▸ Input data

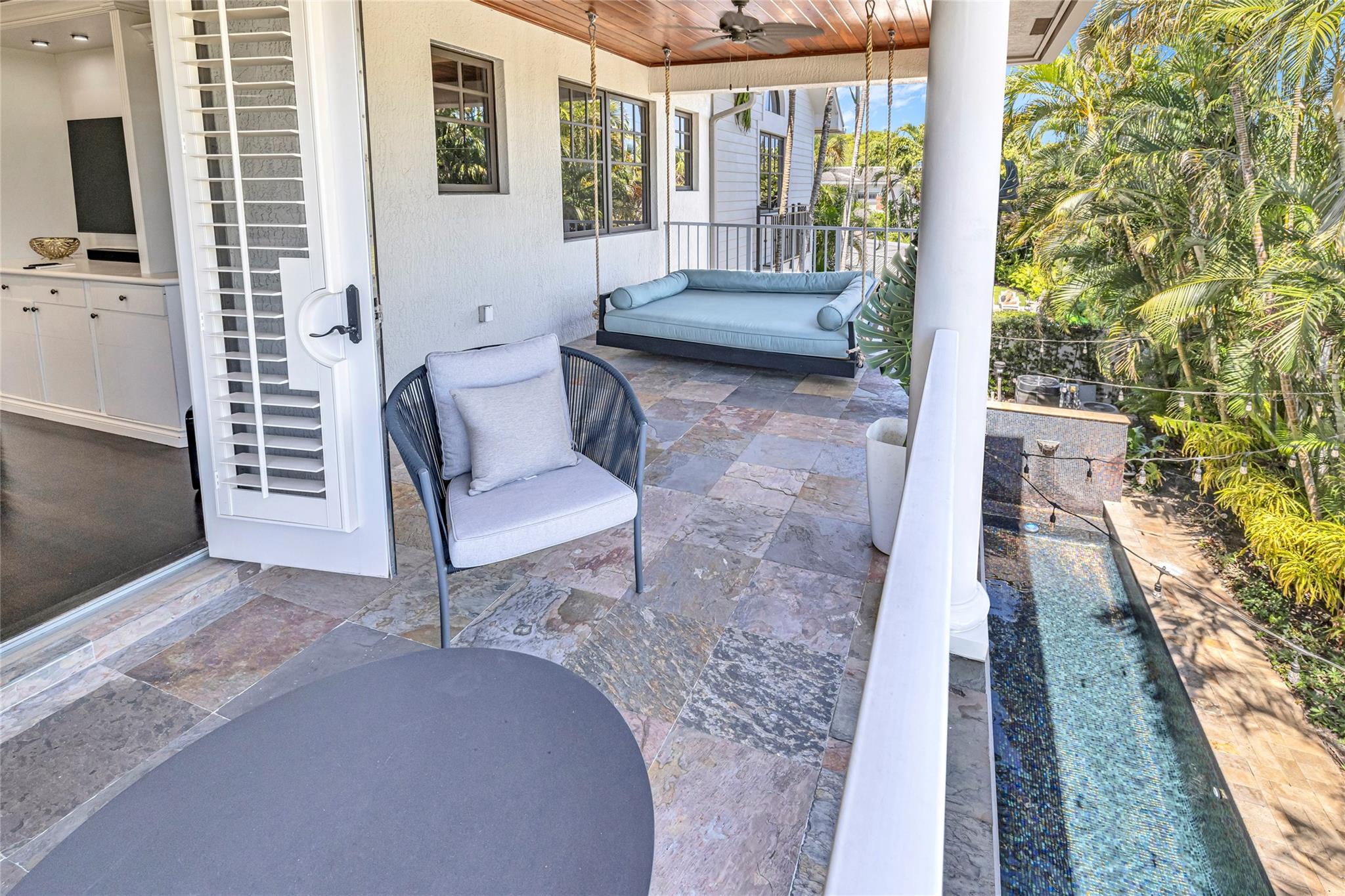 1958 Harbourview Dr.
* * *
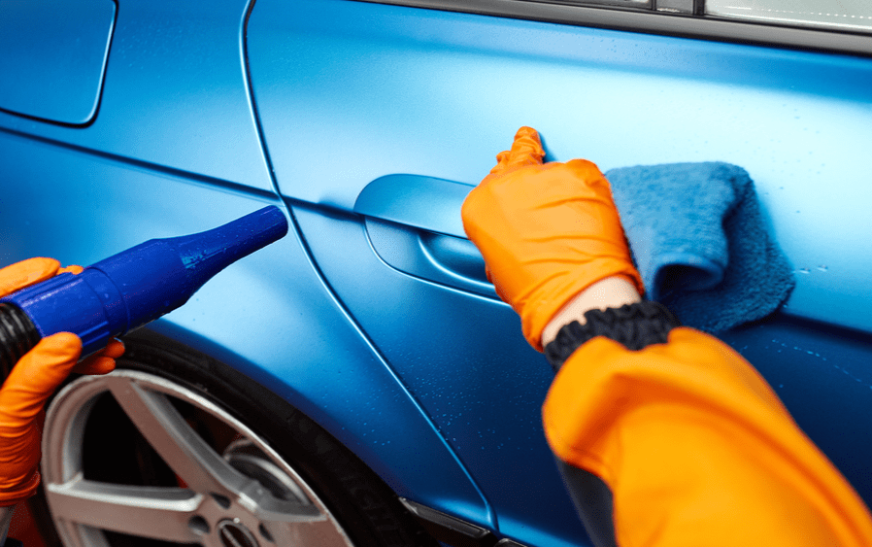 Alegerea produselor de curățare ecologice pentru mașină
---
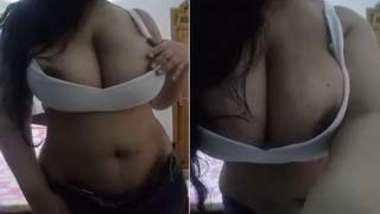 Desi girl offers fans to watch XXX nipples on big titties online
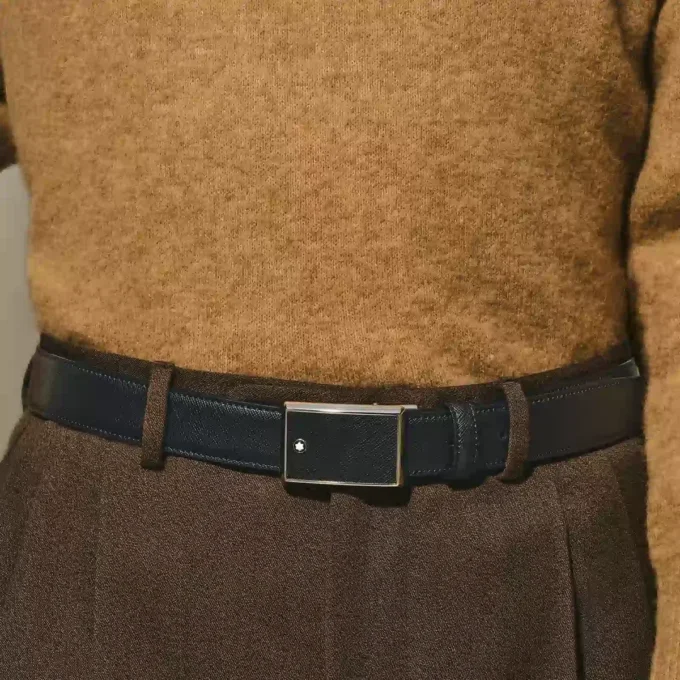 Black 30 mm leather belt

▸ Your instructions
How would the lines above read from the one with "Desi girl offers" to the one with "Black 30 mm leather belt", inclusive, with no pictures? Write them out exactly.

▸ Answer to this problem
 Desi girl offers fans to watch XXX nipples on big titties online
 Black 30 mm leather belt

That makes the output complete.